June is Pride month, which often invites extra attention and conversation in the Catholic Church about the Church's official teaching on matters of sexuality and gender.
While the areas of LGBTQ+ Catholic study and ministry have expanded over the decades, the Church’s teaching has remained relatively consistent: That only those sexual acts that are both unitive and procreative, between one man and one woman, are rightly ordered.
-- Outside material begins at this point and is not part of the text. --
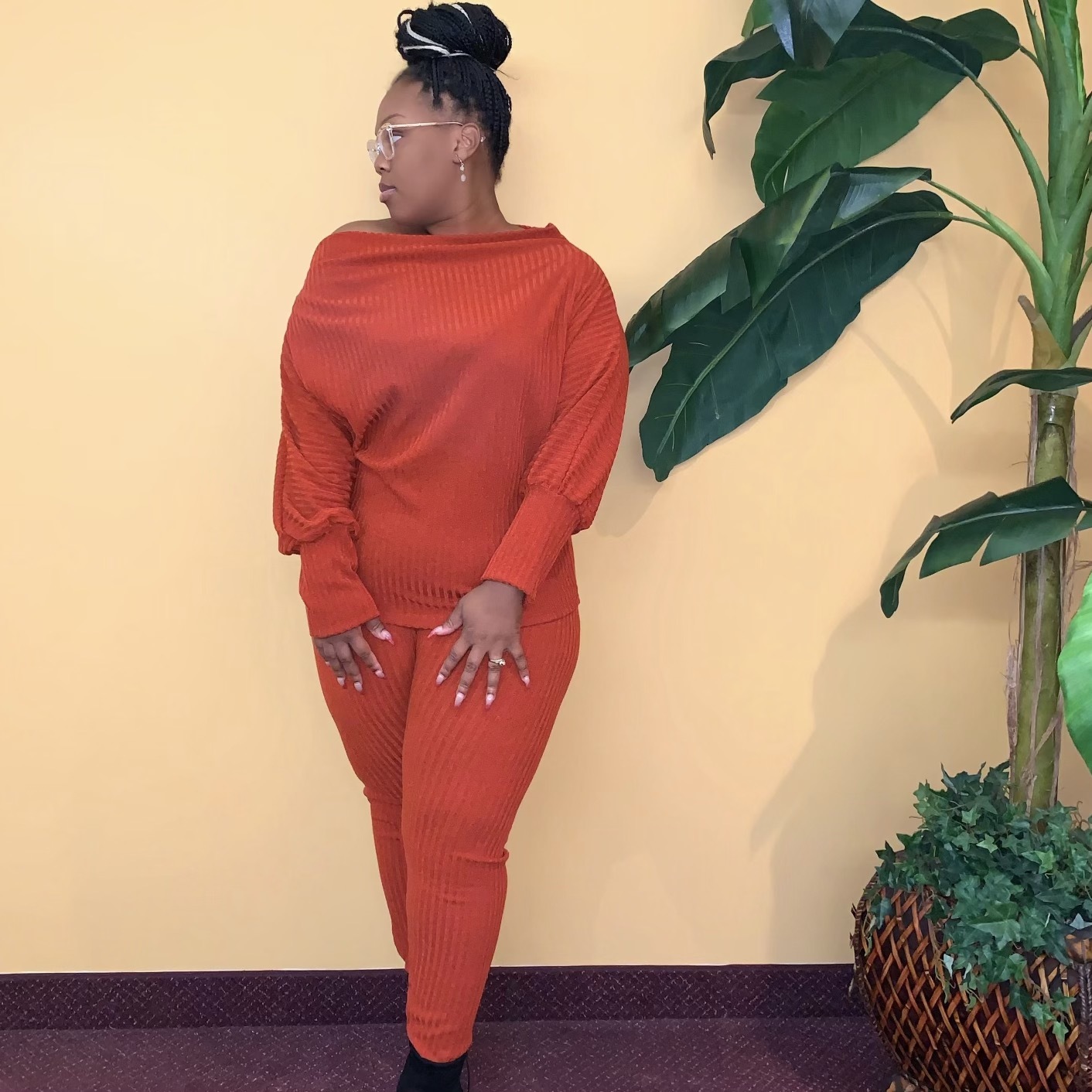 Groove Back Two Piece Set-Rust UP2P936-GROOVEBACK-RUST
Discussions of these topics still often center what is believed to be "natural,” but contemporary science and social progression reveal to us more and more how physical bodies and gendered expression both occur in natural diversity.
And it’s not just LGBTQ+ people implicated in the church’s sexual ethic! People with hormonal disorders, disabilities, and other chronic conditions can also find themselves excluded.
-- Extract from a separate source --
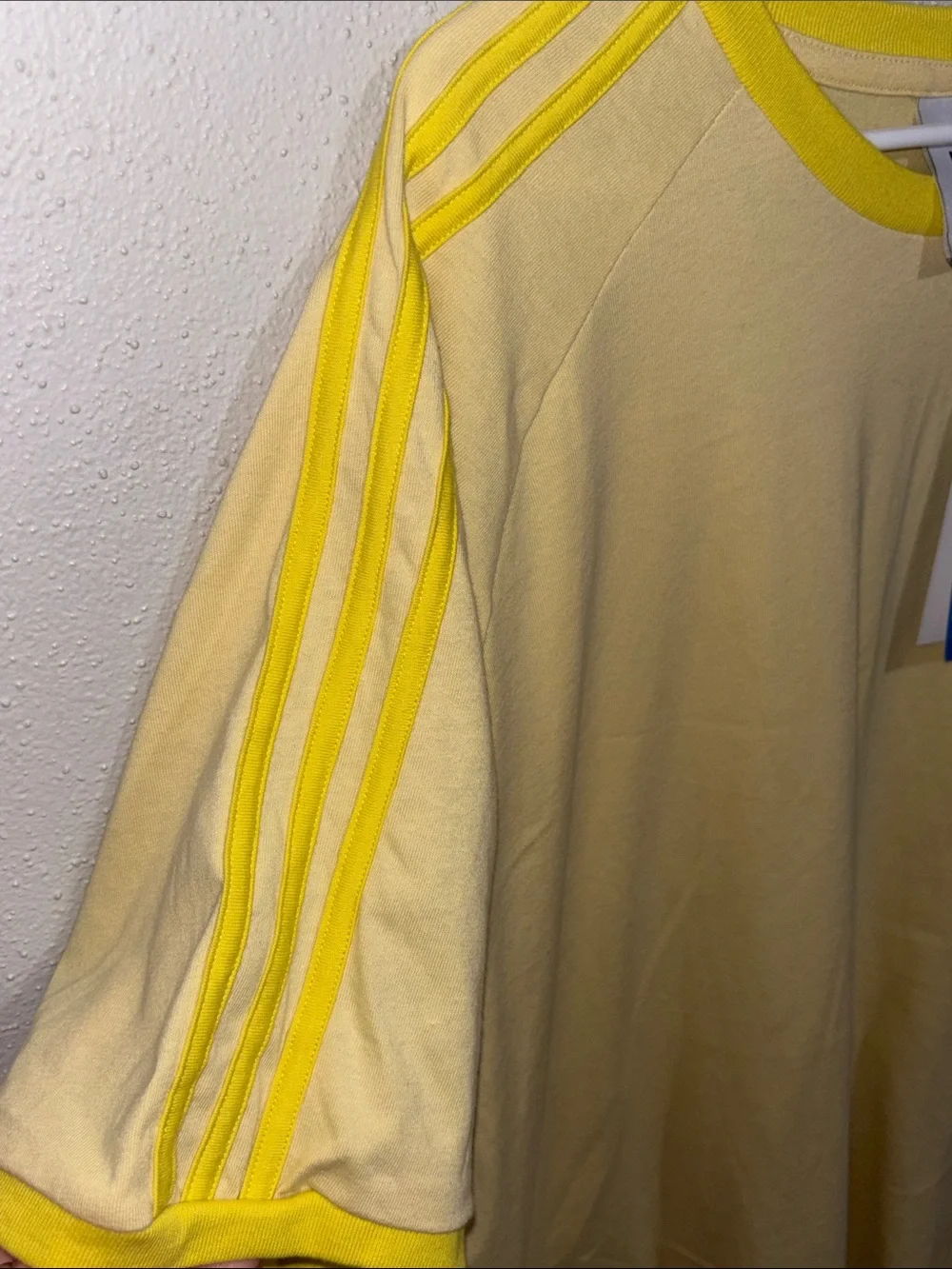 adidas Pale Yellow Tee with Bright Yellow Trim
In this episode, we tell some of these stories.
Our guest Madeline Marlett is a writer, speaker, and LGBTQ+ activist. She shares generously about growing up Catholic and coming to embrace her body and identity as a trans woman.
Bernardin Scholar Teresa Thompson, who you'll remember from our episode on civil disobedience and nonviolent activism, shares in this episode about her current pregnancy and how loving women echoes in her life the love of God.
Media Fellow Madison Chastain rounds out this episode’s story sharing with insights into her own embodied experience with PCOS, infertility, and gender identity. Three different women, three different bodies, three different perspectives on how belief, life, and love intersect with the Church’s ethics.